“E’ come se mio nonno oggi fosse restituito ai suoi famigliari e alla sua comunità”
Il sindaco: “I testimoni diretti della tragedia dell’Olocausto stanno man mano scomparendo, ma restano i segni come le pietre d’inciampo”
OSNAGO – “Sono molto emozionata e commossa. Ringrazio tutti per questa iniziativa: è come se mio nonno oggi fosse restituito ai suoi familiari e alla sua comunità”. Sono le parole pronunciate da Rossana Mauri, nipote di Antonio Bonfanti, il cittadino di Osnago deportato a Mathausen e lì morto il 25 gennaio del 1945, ricordato questa mattina, sabato, in occasione della Giornata della Memoria, con la posa di una pietra d’inciampo.
“L’abbiamo posata qui, in via Sant’Anna, perché qui c’era la corte dei Bonfanti” ha aggiunto il sindaco Paolo Brivio, ricordando come, sempre nella via, negli anni scorsi, sia stata posta una targa in sua memoria e sia stato realizzato un murales.
“In questa pietra dovremo ora inciampare perché quando inciampiamo rischiamo di perdere l’equilibrio e questo ci costringe a trovare una nuova prospettiva e un nuovo sguardo – ha continuato Brivio -. I testimoni diretti della tragedia dell’Olocausto stanno man mano scomparendo, ma restano i segni come appunto le pietre d’inciampo”.

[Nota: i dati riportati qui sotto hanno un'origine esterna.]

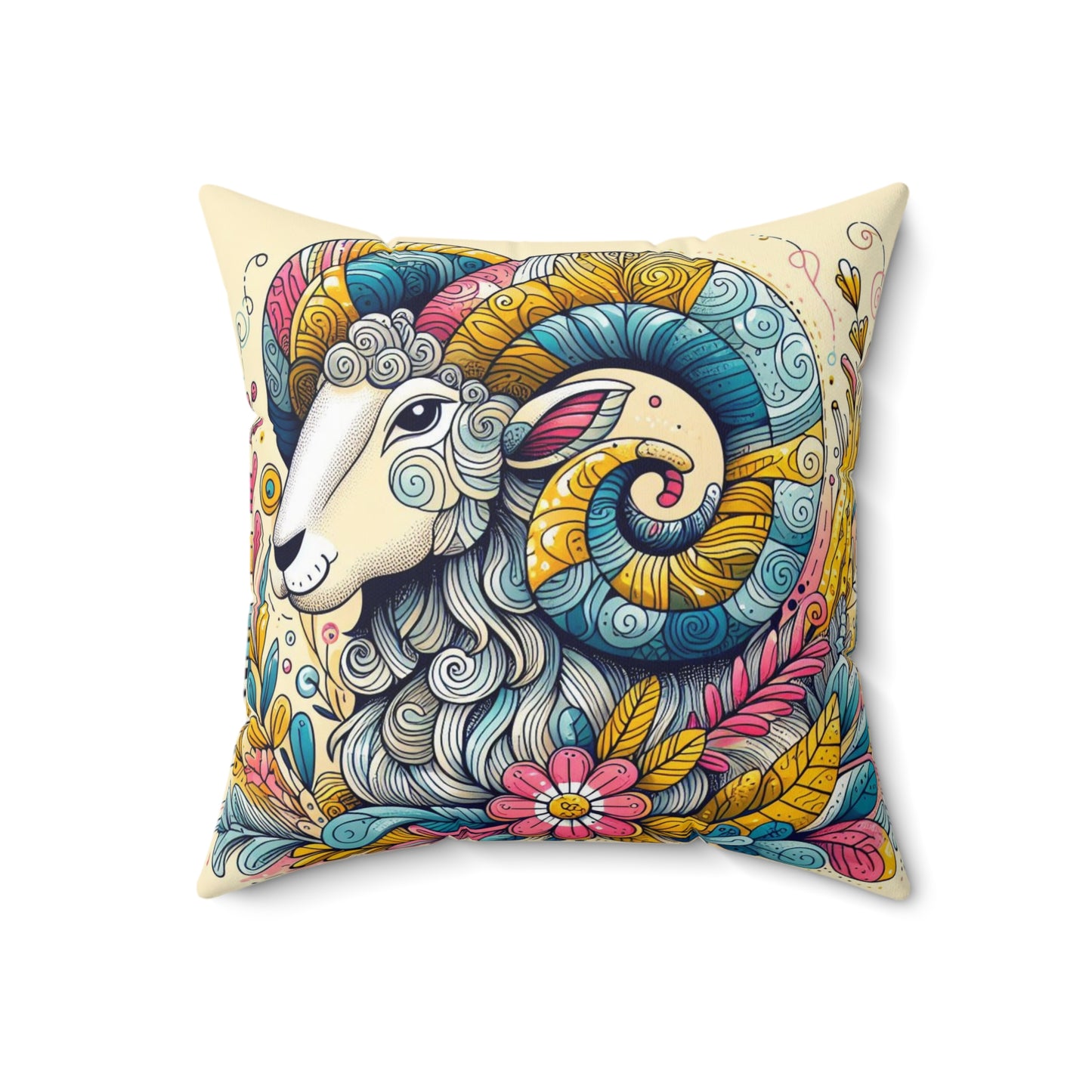 Astrological Artistry - Aries - Aries Artistic Symbolism Pillow - 33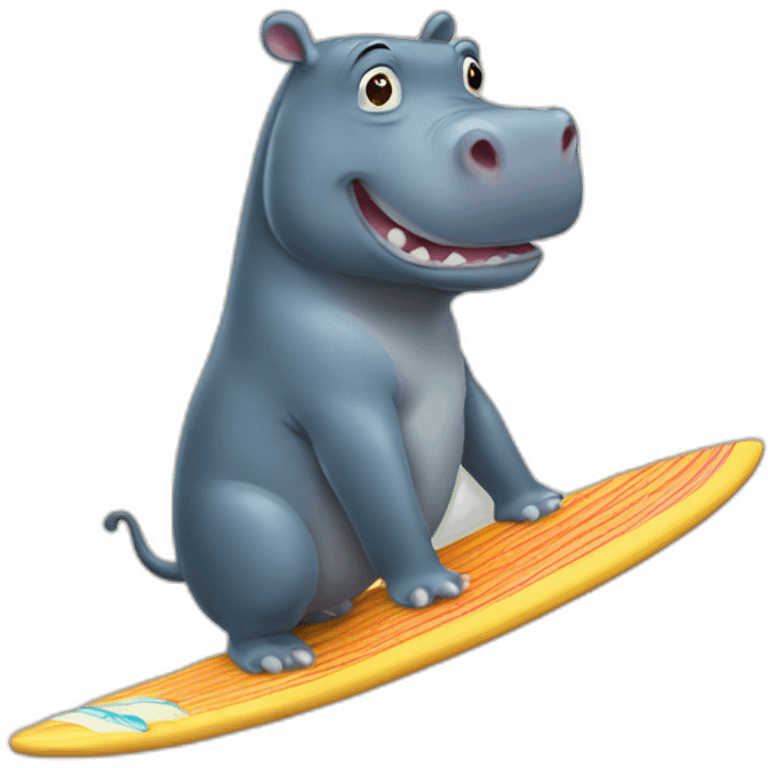 Surfing hippo emoji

È toccato poi allo storico Gabriele Fontana evidenziare il significato dell’iniziativa ideata dl tedesco Gunter Demner e tratteggiare la figura di Antonio Bonfanti, a cui è intitolato, insieme al cernuschese Angelo Bonfanti, l’istituto comprensivo del Moscaro a cui fanno riferimento i Comuni di Cernusco, Osnago, Lomagna e Montevecchia, oggi presenti con i sindaci Gennaro Toto, Cristina Citterio, Ivan Pendeggia e appunto Brivio oltre al sindaco del Consiglio sovracomunale dei ragazzi.
“Le pietre portano i nomi di tutti quelli coinvolti nel sistema sterminio nazista – ha detto Fontana – e portano alla costruzione di un enorme memoriale diffuso. In questo modo i loro nomi non verranno mai dimenticati”.
Quanto a Bonfanti, Fontana ha precisato: “Era un uomo normale, un uomo qualunque, capitato in una situazione in cui viene macinato. Aveva 42 anni quando una sera venne fermato dai fascisti a Vimercate mentre trascinava un carretto che portava granaglie. Gli dicono di firmare un foglio per dichiarare che le stava portando in Valtellina per i combattenti. E lui, che sperava di poter tornare così velocemente a casa dalla famiglia,firma la sua condanna a morte. Lo consegnano ai tedeschi, entra a San Vittore nel braccio tedesco e di li a poco parte per Mauthausen”.
Bonfanti non fece mai più ritorno a casa. Da oggi però una piccola pietra d’inciampo in ottone lo ricorderà per sempre li in via Sant’Anna, dove c’era la corte in cui Antonio era nato e cresciuto.
“Spero che questa pietra serva a ricordare la tragedia che ha riguardato mio nonno e ad augurare a tutti pace in un mondo purtroppo contrassegnato da troppe guerre che portano solo distruzione”.